Pan Seared Ribeye Steaks with Mushroom Sauce
Presented by Charlie Gipe, CEC, AAC Executive Chef at The Hershey Entertainment Complex, Hershey, PA
- 2 beef ribeye steaks, cut 1 inch thick
- 1/2 tsp. black pepper, coarsely ground
- 2 T butter
- 2 cup fresh mushrooms, sliced 1⁄4 inch thick
- 1/2 cup white onion, minced
- 1 tsp. garlic, mined
- 1 can of 14 or 14 1/2 ounces beef gravy
- 1/3 cup your favorite steak sauce (A1)
- 1 T sun-dried tomato spread
- 1/4 tsp. pepper
- salt to taste
For sauce, heat butter in saucepan over medium heat until melted. Add mushrooms, onions and garlic; cook and stir 2 – 3 minutes or until mushrooms begin to soften.
Combine beef gravy and steak sauce; add to same pan. Bring to a boil. Cook and stir 1 minute or until slightly thickened. Reduce heat and simmer about 10 minutes or until mixture is reduced to 11⁄2 cups. Stir in sun dried tomato spread, pepper and salt as desired.

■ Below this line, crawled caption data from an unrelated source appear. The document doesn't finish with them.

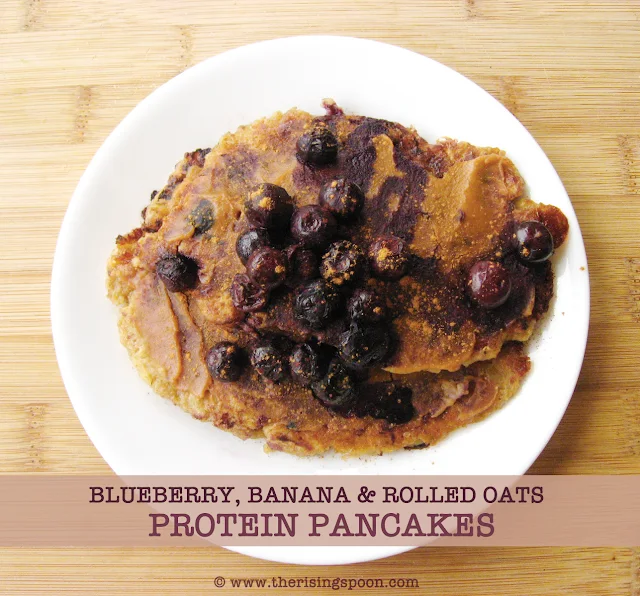 Blueberry, Banana & Rolled Oats Protein Pancakes | www.therisingspoon.com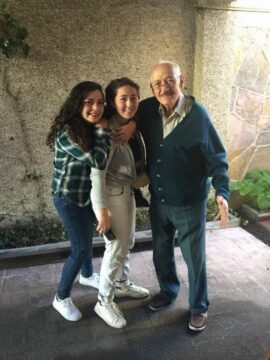 Imágenes para rendir homenaje a persona finada, estas pueden variar en su contenido.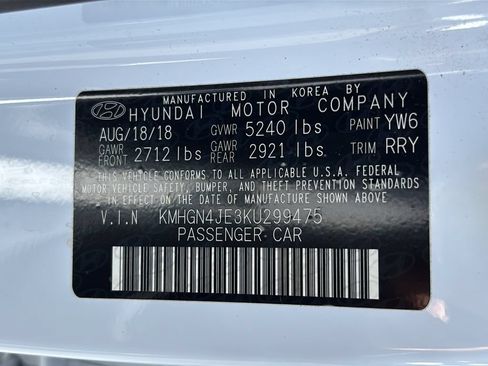 Used 2019 Genesis G80 3.8 RWD image 40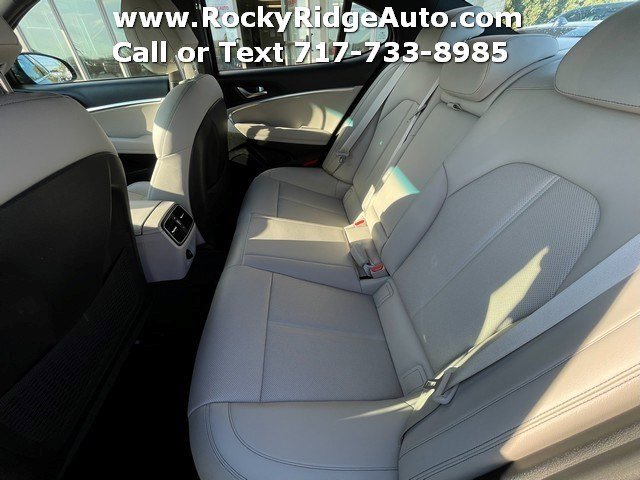 Used 2023 Genesis G70 2.0T image 13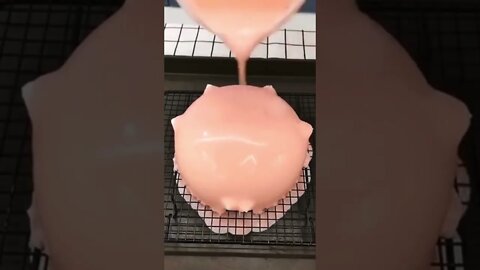 PIGGY 🐷 WIGGY CAKE🎂 #shorts #viral #fyp #fypシ #cardib #share #kimk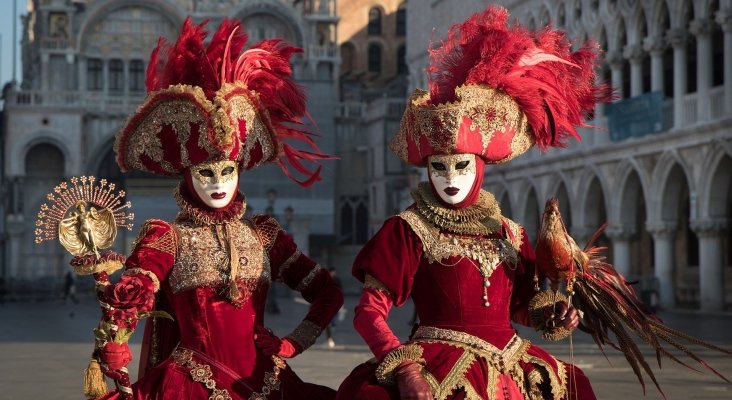 ​El coronavirus y la 'acqua alta' lastran la afluencia del Carnaval de Venecia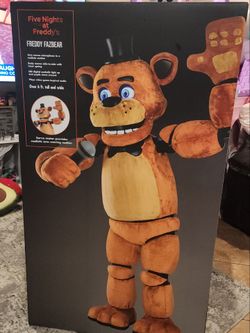 Viral Collectible Five Nights at Freddy's Freddy Fazbear Animatronic Figure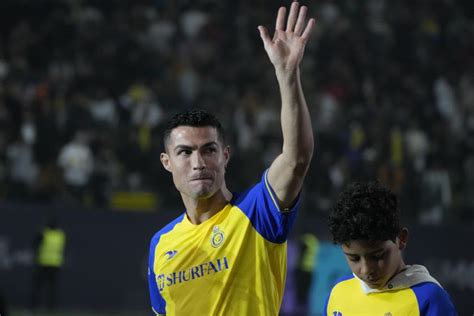 La Presentación De Cristiano Ronaldo Con El Al Nassr En Imágenes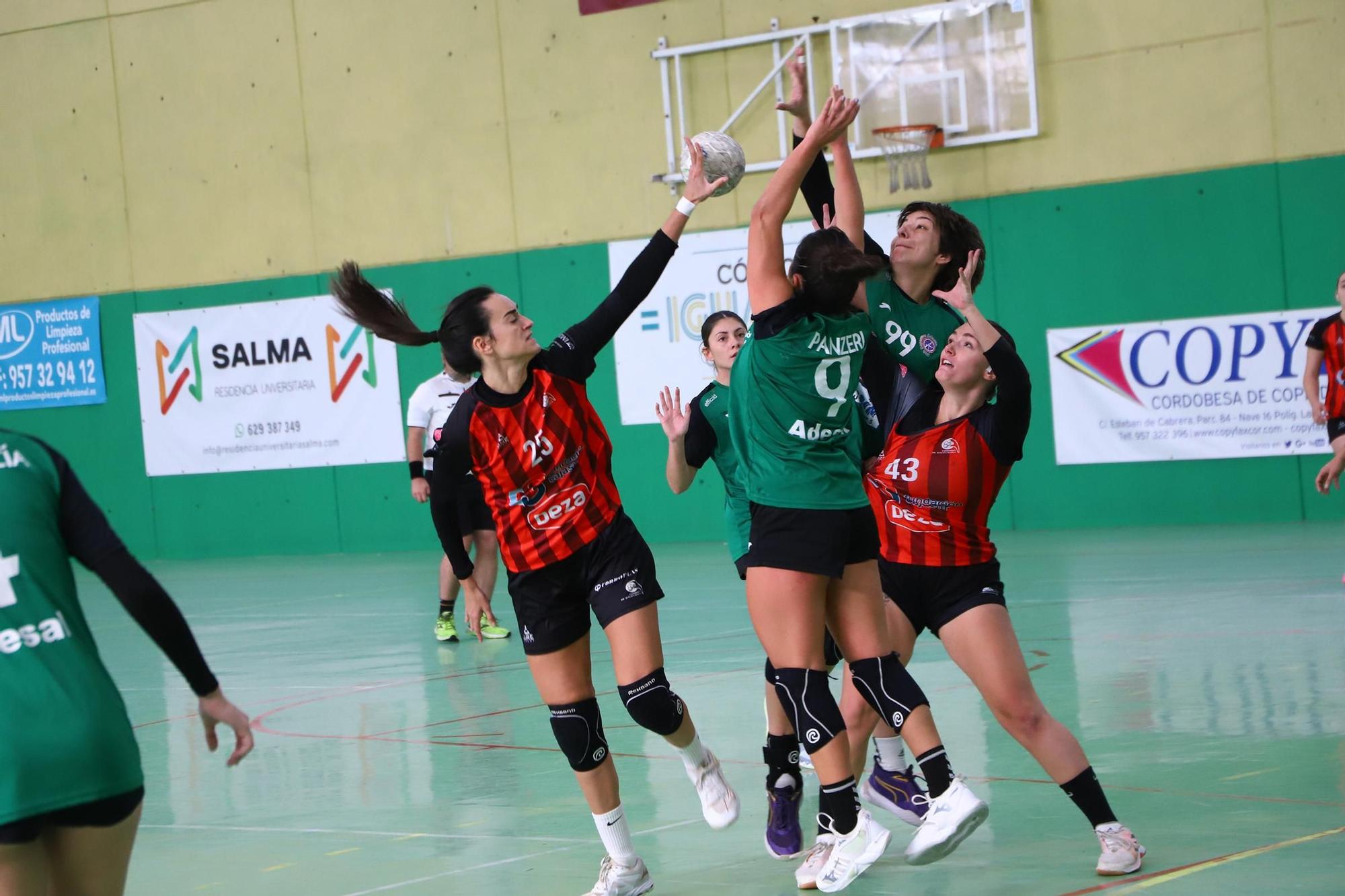 Adesal - Deza Cajasur : el derbi del balonmano femenino cordobés en imágenes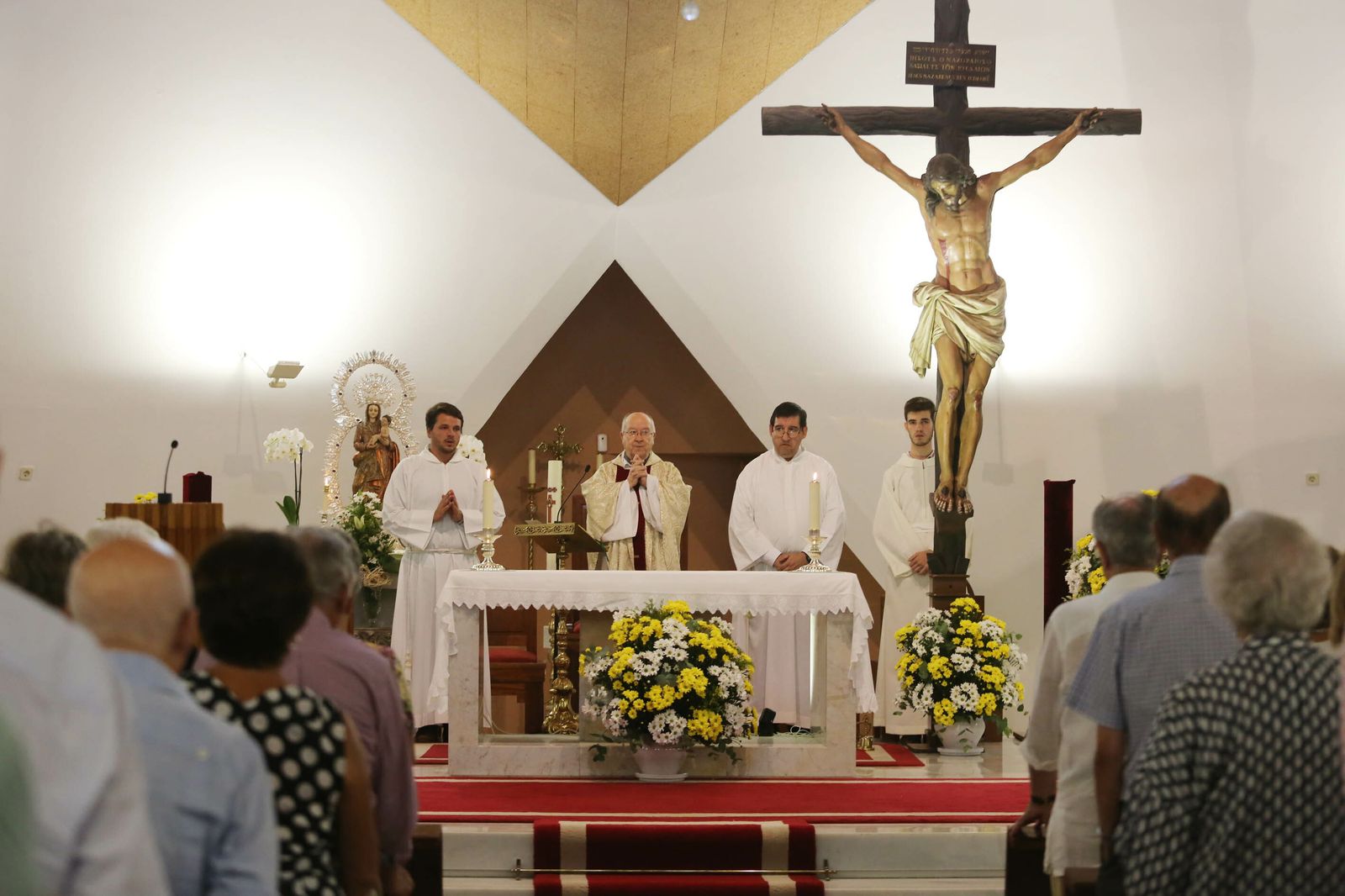 Imágenes del la última misa del Padre Fuego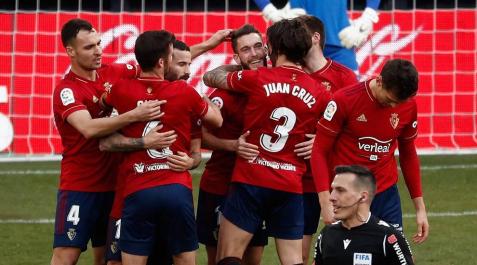 Fotos del Osasuna-Granada Imágenes del partido que enfrenta a Osasuna y Granada en El Sadar.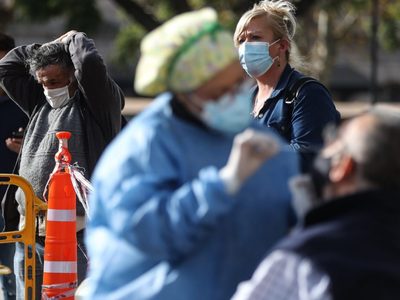 Se duplicaron los casos de coronavirus en Neuquén de una semana a la otra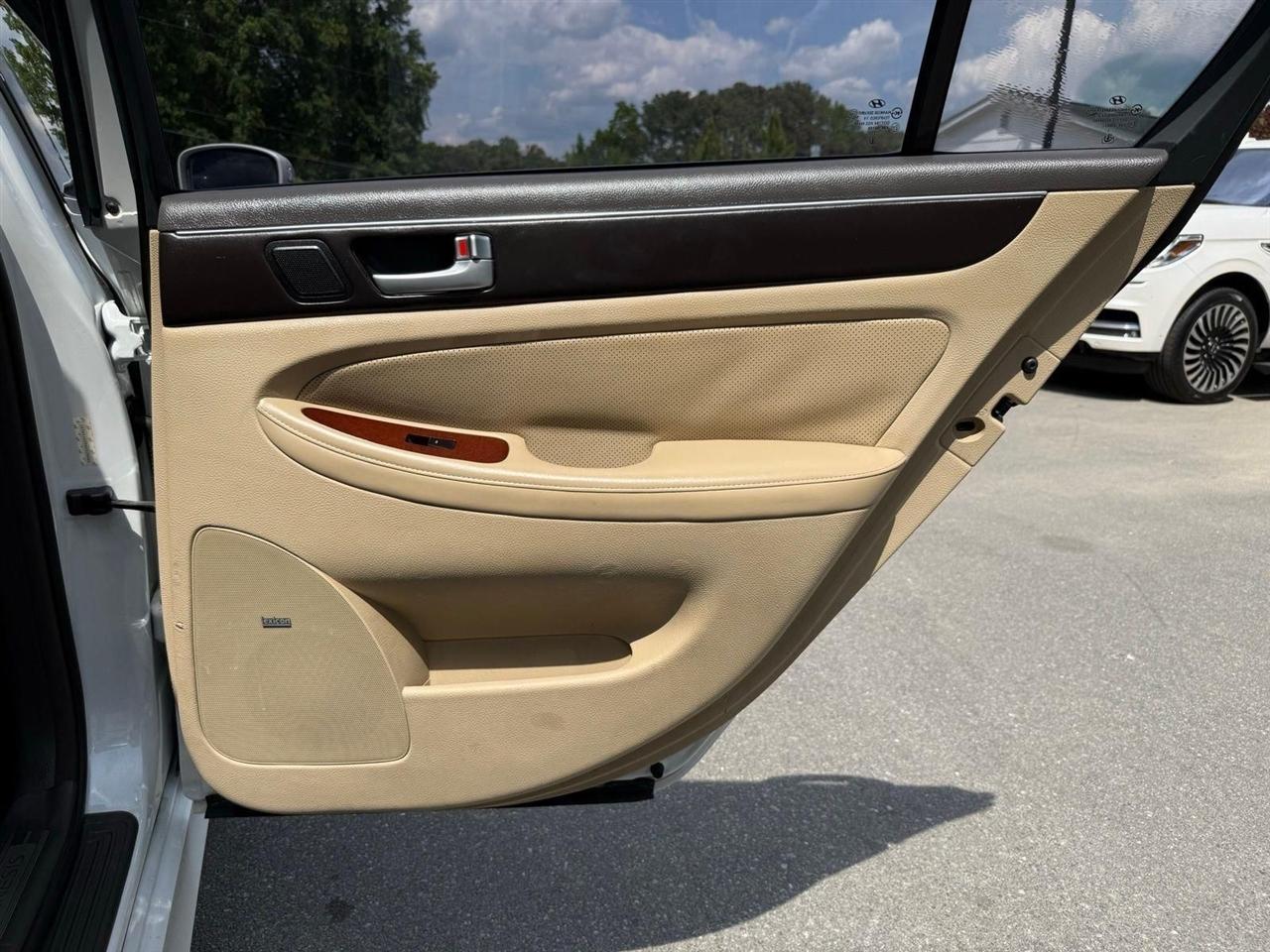 Hyundai Genesis  2012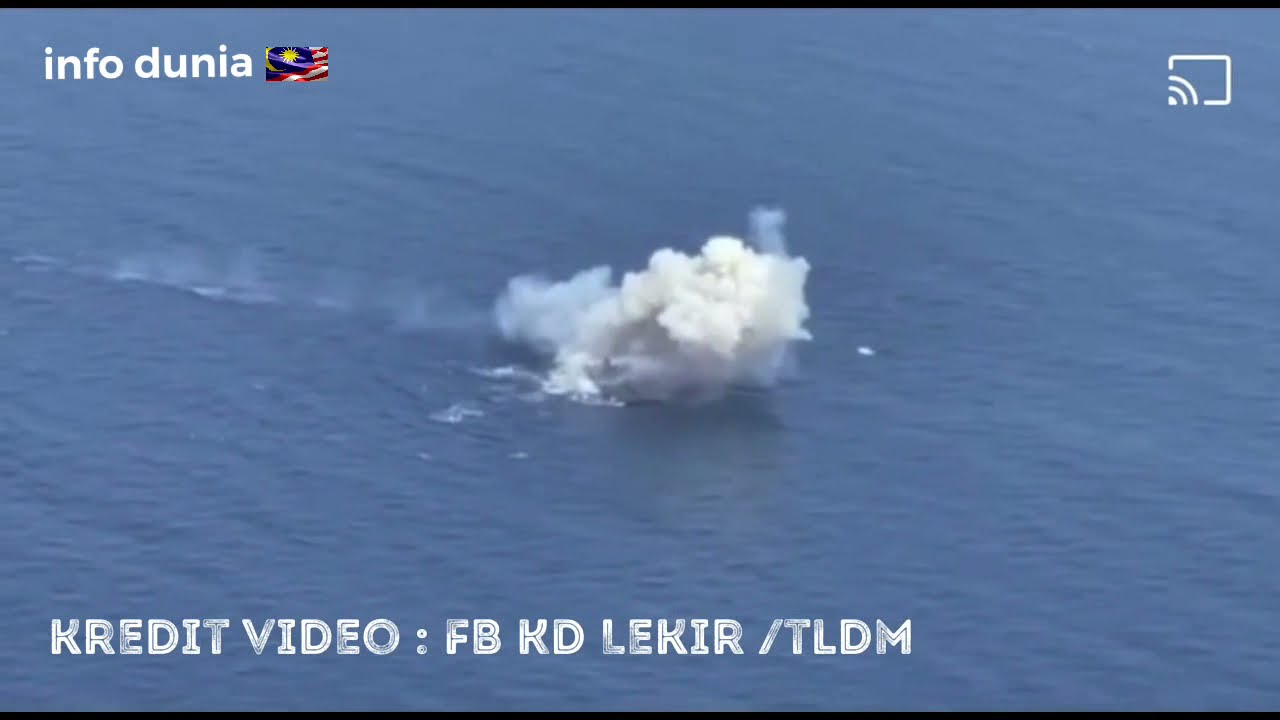 BULLDOG AWAY!!! EXOCET Missile (TLDM) during Ex Taming Sari 20/21 #shorts#viral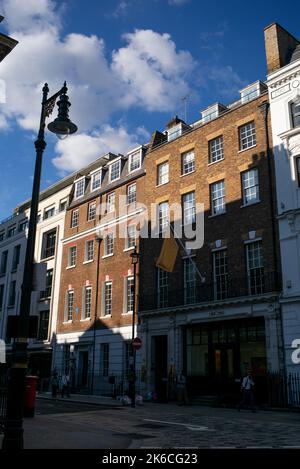 Nummer 3 Savile Row London, berühmt für den Ort, an dem die Beatles Get Back ein Live-Konzert auf dem Dach aufgenommen haben, und das ehemalige Hauptquartier der Apple Company. Stockfoto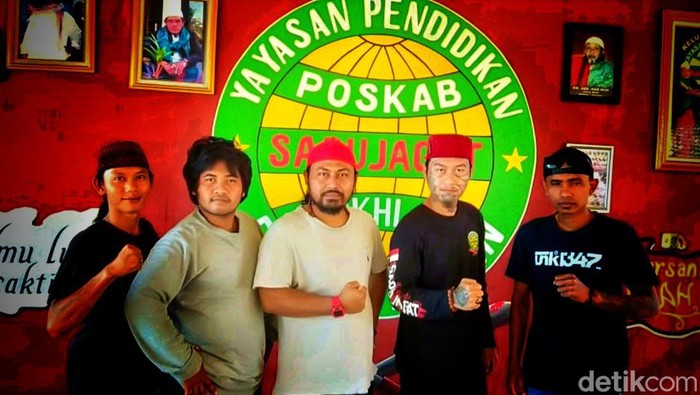 Viral Video Jawara Jampang Bubarkan Pengunjung Warung Nasi di Sukabumi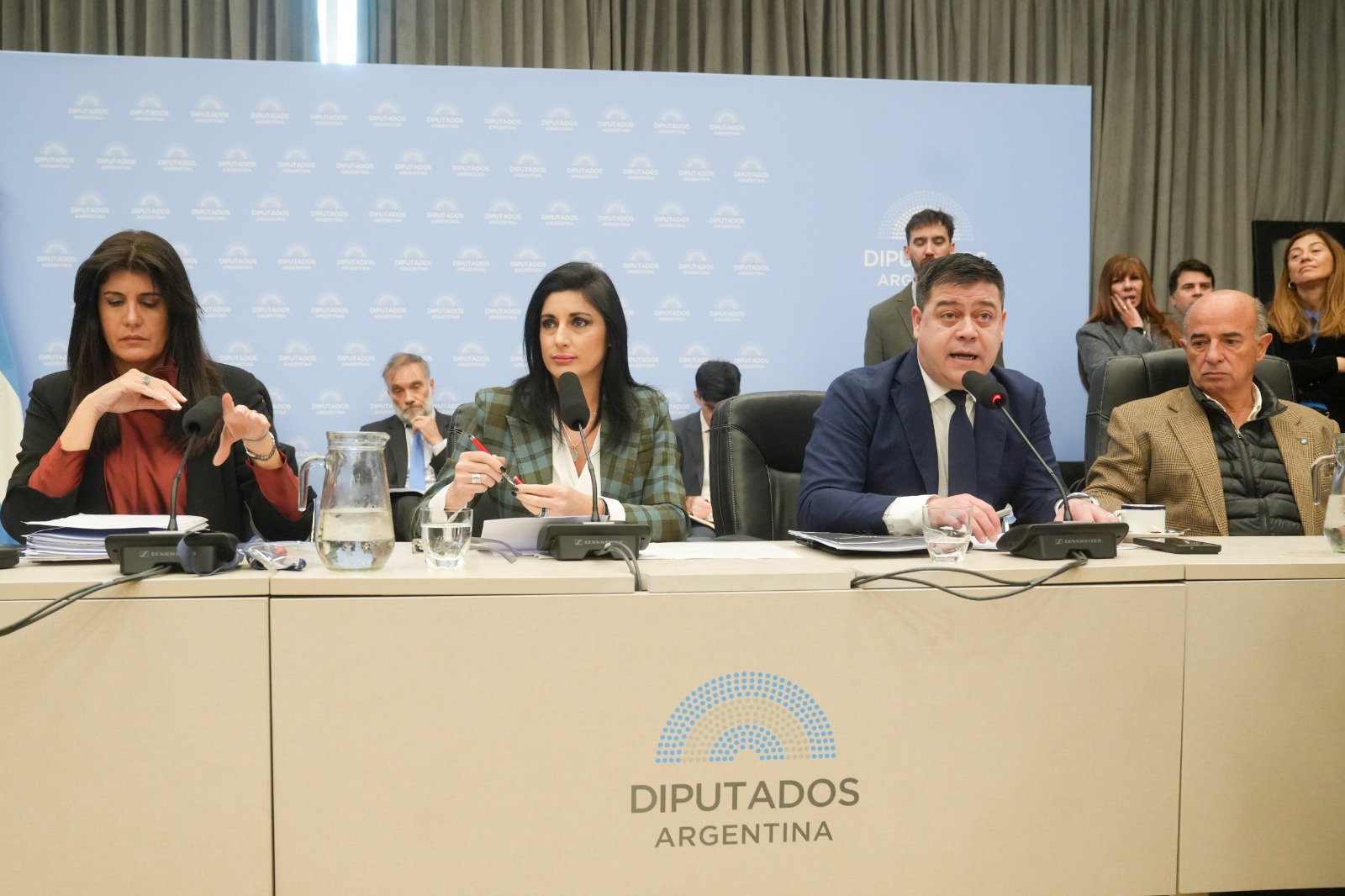Galeria de imagenes de la noticia EN DIFERENTES REUNIONES CONJUNTAS, LA COMISIÓN DE RELACIONES EXTERIORES AVALÓ CUATRO CONVENIOS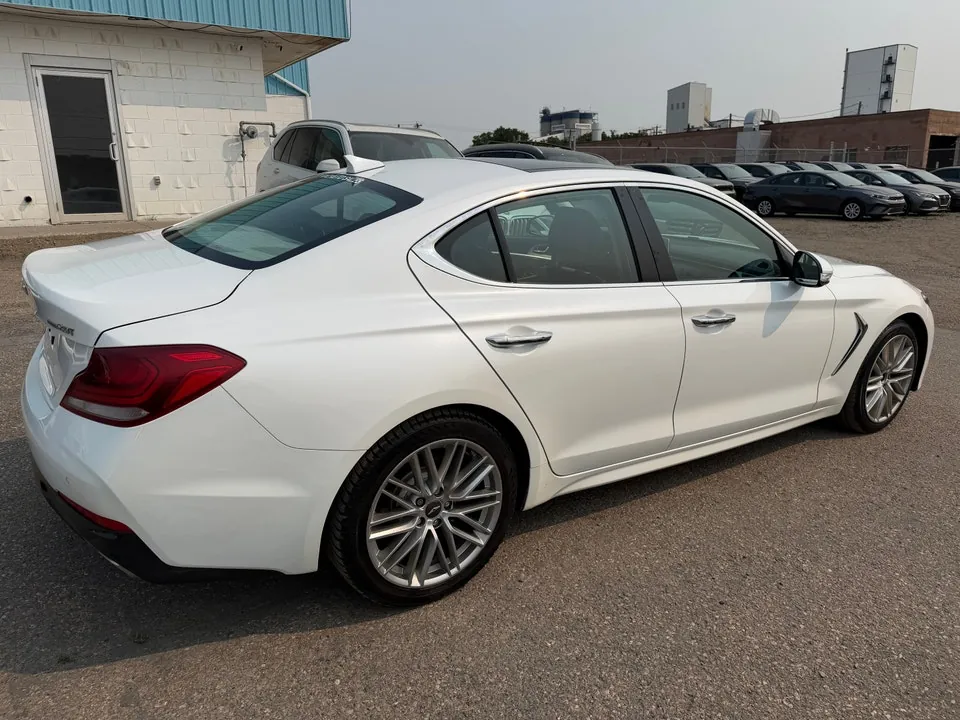 Genesis G70 2021 photo 2
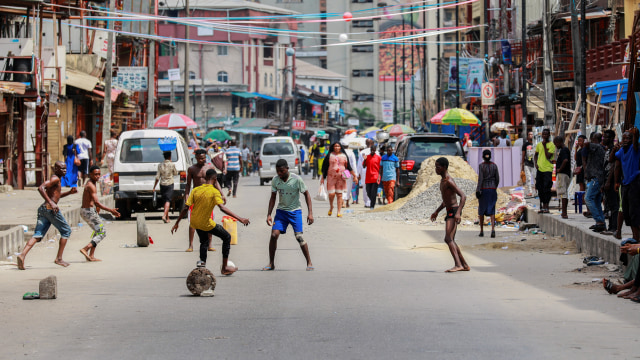 
Suasana sepi saat lockdown untuk membatasi penyebaran virus corona di Lagos, Nigeria, Jumat (27/3). Foto: REUTERS/Temilade Adelaja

Meanwhile press pepper evenly onto the steaks. Heat large nonstick skillet over medium heat until hot. Place steaks in skillet; cook 12 to 15 minutes for medium rare (145°F) to medium (160°F) doneness, turning occasionally. Remove to platter; keep warm. Add mushroom sauce to skillet; increase heat to medium-high. Cook and stir, 1 – 2 minutes or until browned and bits attached to skillet are dissolved. Adjust seasoning of the sauce, then spoon over the steaks.